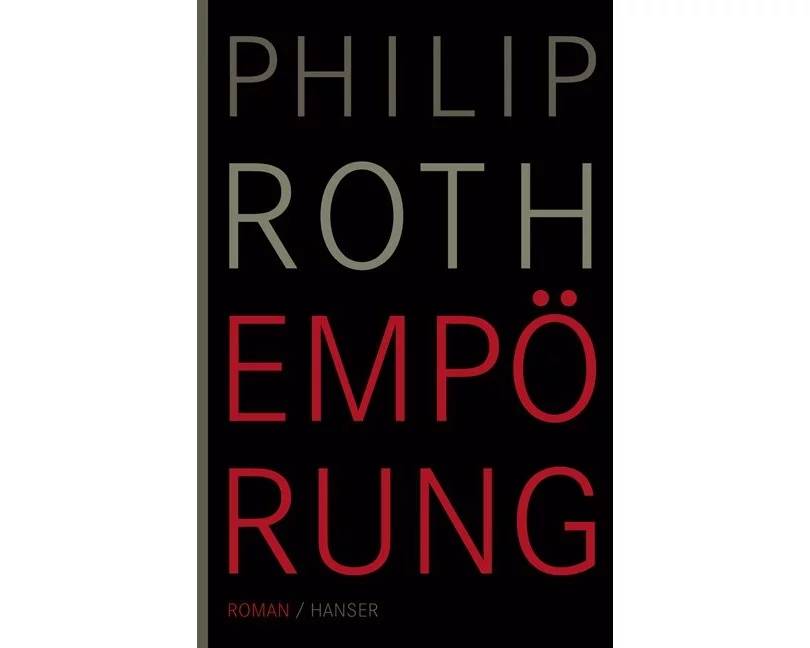 Empörung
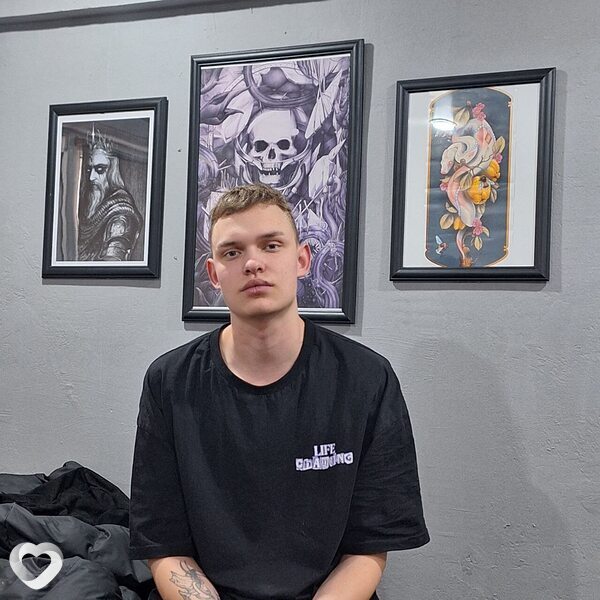 Игорь, 22, Саянске — анкета №4379178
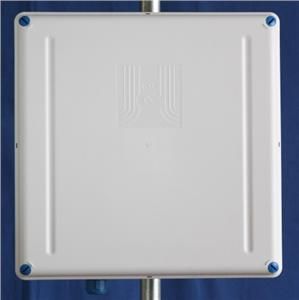 GentleBOX JC-323 UF-L 5GHz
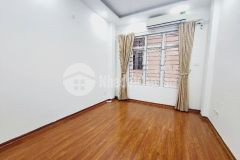 Nhà đẹp ở luôn, phú đô, từ liêm, 35m2, giá nhỉnh 6tỷ sh quay đầu, ngõ thẳng tắp, tiện ích dồi dào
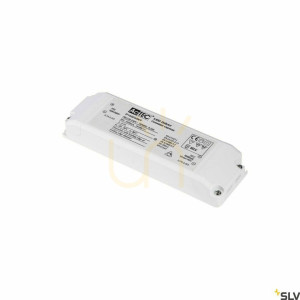 Sterownik LED SLV Treiber 1050mA 0-40W ściemnialny fazowo biały 464804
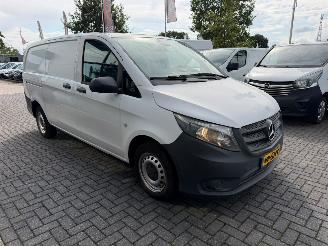 Mercedes Vito 109 CDI Functional Lang airco 3 zits marge ( btw vrij ) picture 14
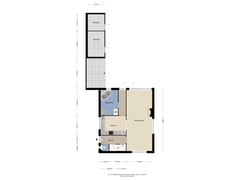 View floorplan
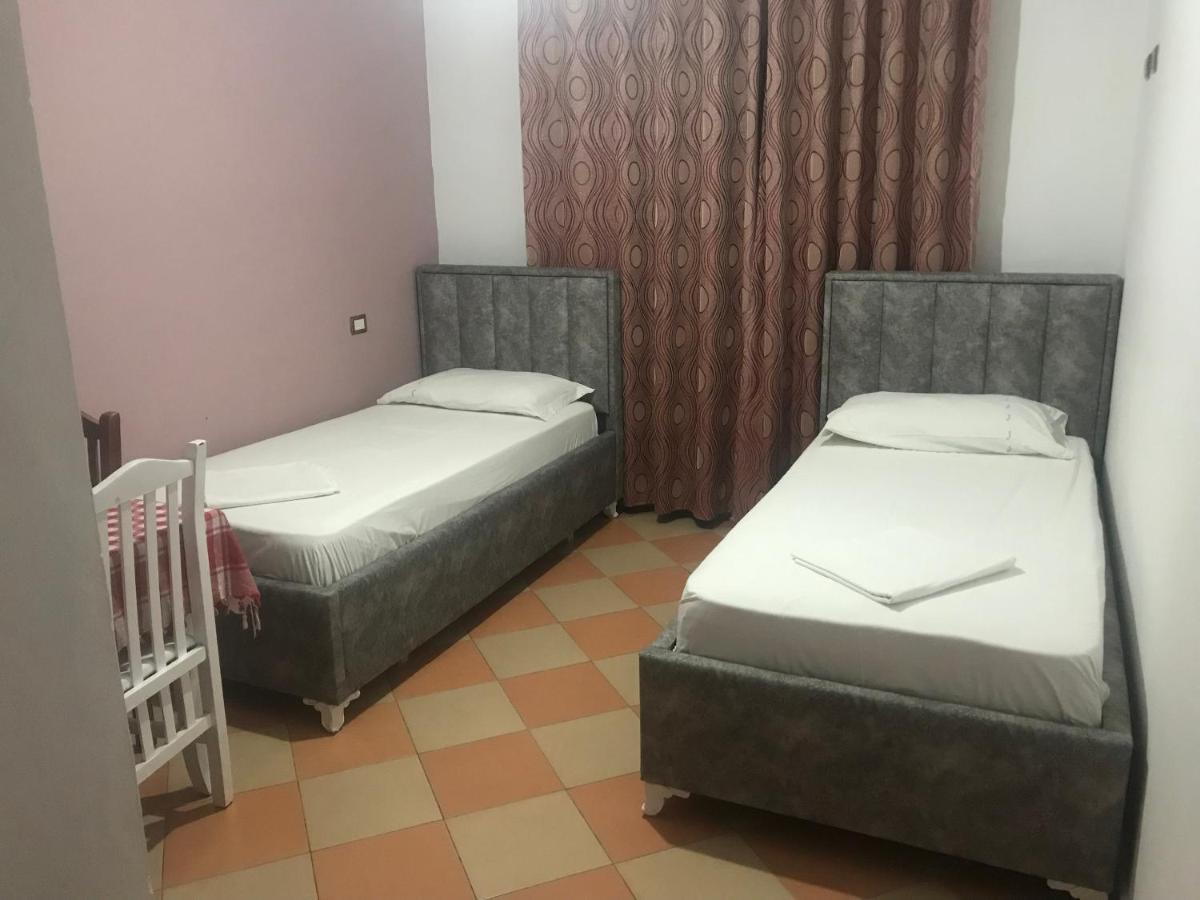 Villa Premium Драч Екстериор снимка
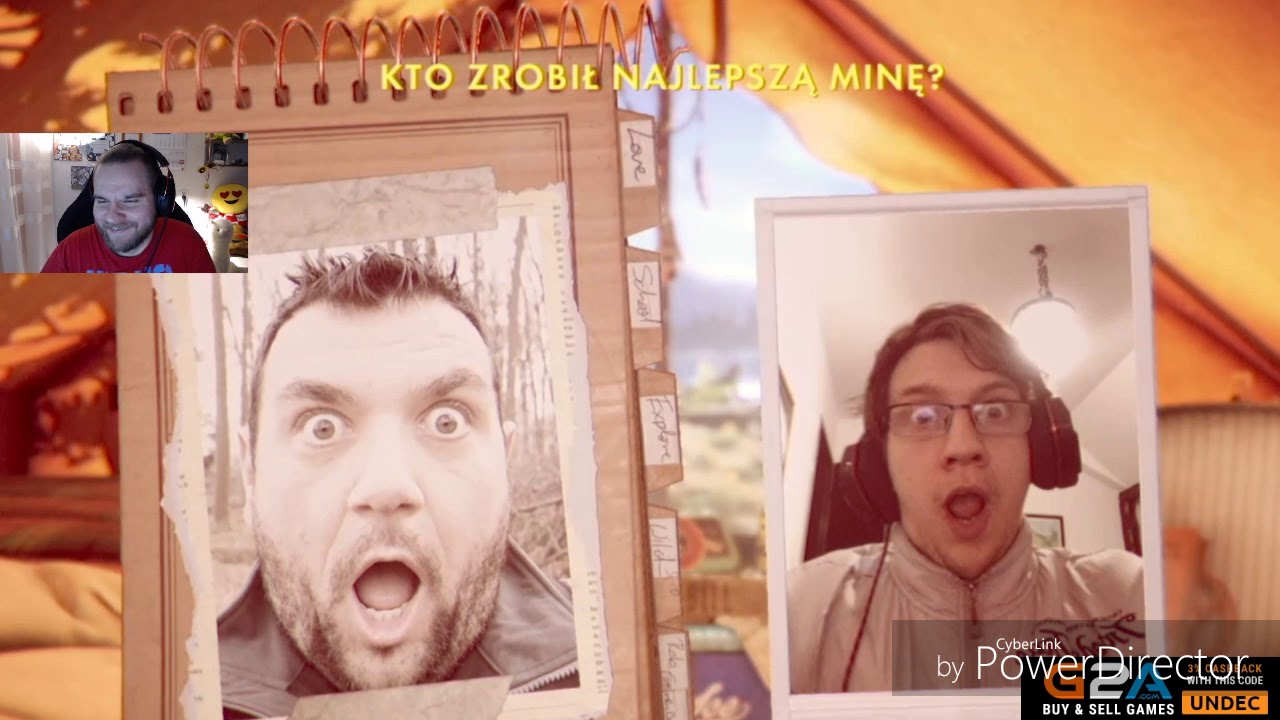 Funny Moments #208 Random Oddshot (Undecided Wooczek GamerSpacePL)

> Task
Starting at the line that contains "Игорь, 22, Саянске — анкета №4379178", extract each line through the last line of the material exactly as written, and include no pictures.

> Solution to this problem
 Игорь, 22, Саянске — анкета №4379178
 GentleBOX JC-323 UF-L 5GHz
 Nhà đẹp ở luôn, phú đô, từ liêm, 35m2, giá nhỉnh 6tỷ sh quay đầu, ngõ thẳng tắp, tiện ích dồi dào
 Sterownik LED SLV Treiber 1050mA 0-40W ściemnialny fazowo biały 464804
 Mercedes Vito 109 CDI Functional Lang airco 3 zits marge ( btw vrij ) picture 14
 View floorplan
 Villa Premium Драч Екстериор снимка
 Funny Moments #208 Random Oddshot (Undecided Wooczek GamerSpacePL)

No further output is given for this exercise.